The judges I’ve spoken with who jail these defendants fall into several categories. Some simply do not understand the requirement to hold indigency hearings. One judge told BuzzFeed that in nine years on the bench, she’d never given a defendant an alternative to jail, and she insisted that she was not required to offer one. But O’Connor says there’s “no excuse” for judges to be ignorant of the law, thanks to the training and continuing educational opportunities available to them. “If they don’t know, then they weren’t listening.”
Others know the law but agree to jail defendants who say they’d prefer it to community service, which is still not allowed under law. And some look upon granting alternative sentences and waiving fines as a slippery slope to not taking crime seriously. My experience with defendants has been exactly the opposite.
Of course, no matter how many great alternatives judges can provide instead of jail time, if a defendant fails to come to court, he or she won’t be able to hear about them. Courts must be as accessible as possible, and that starts with allowing children to accompany their parents. One of the revelations in the Justice Department’s report on Ferguson was that children weren’t allowed in municipal court, which explains why many defendants were unable to appear. Several courts in Texas limit or don’t allow parents bringing their children, even though kids don’t present a problem in my court — maybe because we provide coloring books and toys for them to play with while their parents take care of their cases.

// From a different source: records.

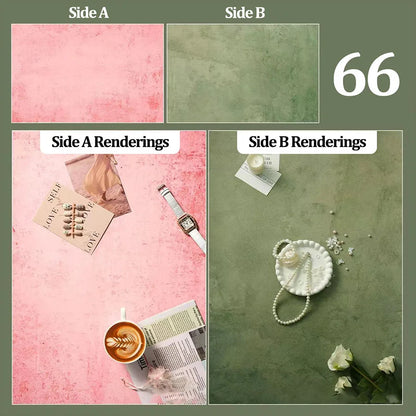 Double-Sided Wood Grain & Marble Photography Backdrop Board 57 × 87 cm – Waterproof Photo Background for Product Photography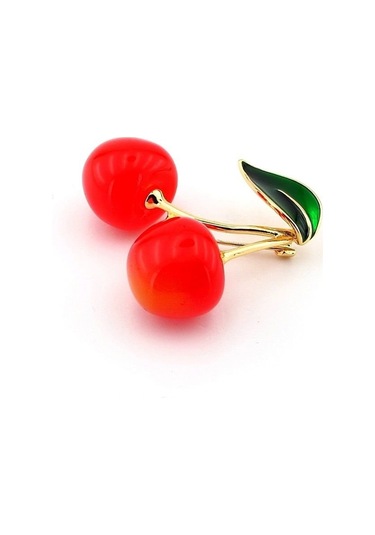 Solfera Kiraz Şeklinde Meyve Metal Yaka İğnesi Rozet Broş Rz154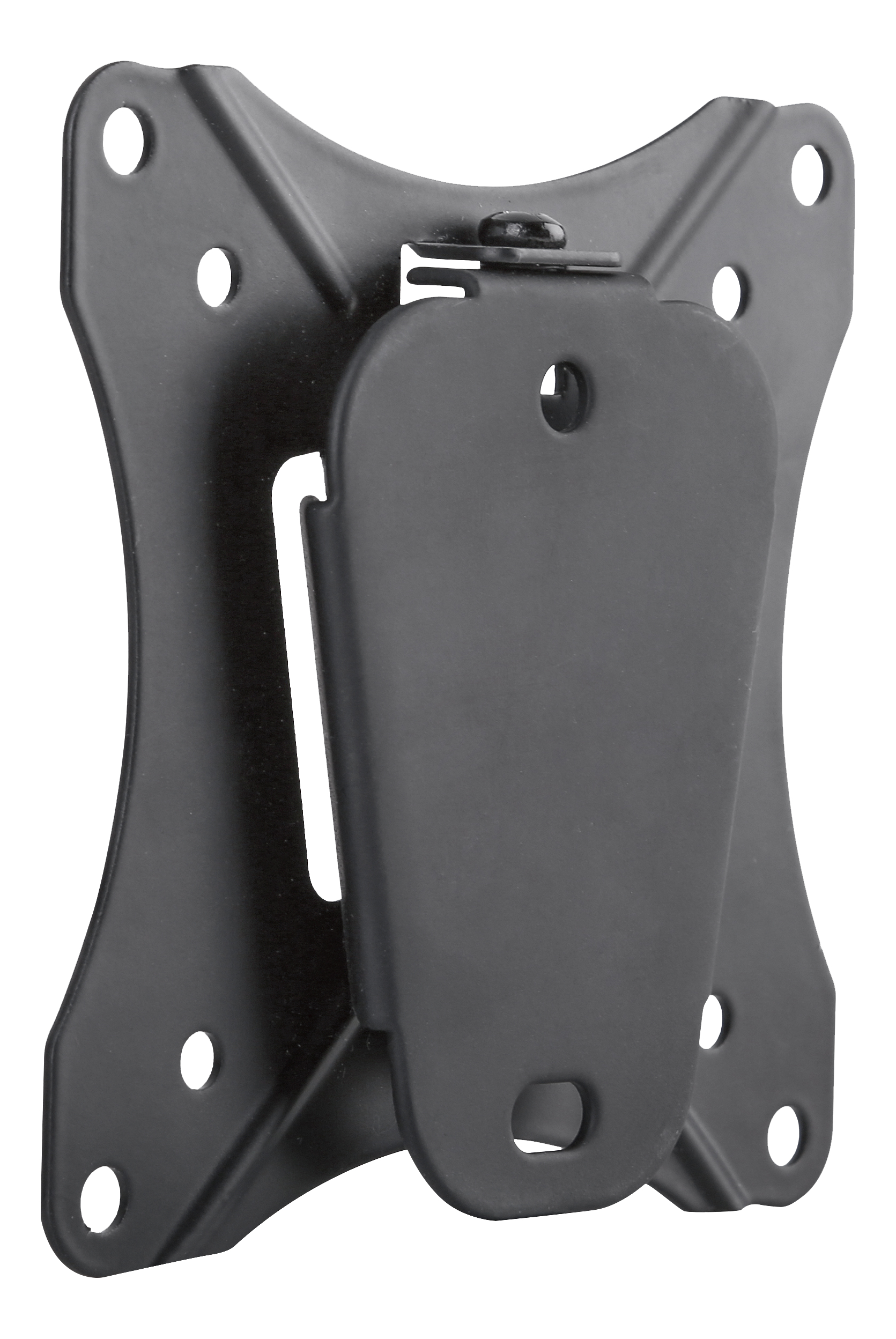 A black metal TV mount with multiple mounting holes.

Twice a year, Brazos County also provides two to three weeks of warrant amnesty, when we waive the $50 warrant fee for any active warrant if the defendant comes to court to take care of his or her case. The court communicates with defendants through letters, phone calls and emails so they know their options; I ask undergraduate interns to volunteer to call people in active warrant. It’s amazing how many defendants show up once they know they won’t be immediately arrested when they step into the courtroom — we clear about 600 cases during each amnesty period. The program, which has been in place for 15 years, has caught the eye of Doug Colbert, a University of Maryland law professor, whose goal is to bring a similar warrant amnesty program to Baltimore.
I used to prosecute felonies as an assistant district attorney in Brazos County. During that time, I worked for a year in the intake division. This drove home a lesson that my boss, the district attorney, had been trying to instill in me: Every case file is an individual whose rights are as important and sacred as mine or those of my family. The decision to charge or dismiss demands empathy and vigilance. Misdemeanor criminal cases provide an opportunity for a much happier outcome than most felonies because there is a genuine chance for a defendant to learn from a mistake and never set foot in a courtroom again — and keeping someone out of jail is a good way to ensure that happens. In these cases, it should be possible for defendants to resolve their cases without losing their liberty.
All judges want to uphold the rule of law in the communities we serve, but too often we can get lost in the day-to-day business of running a court; we ignore the consequences of what we do. An arrest can cost a citizen his or her job, dignity and security. Alternative sentencing is a way to achieve what we should all want: an end to criminal behavior.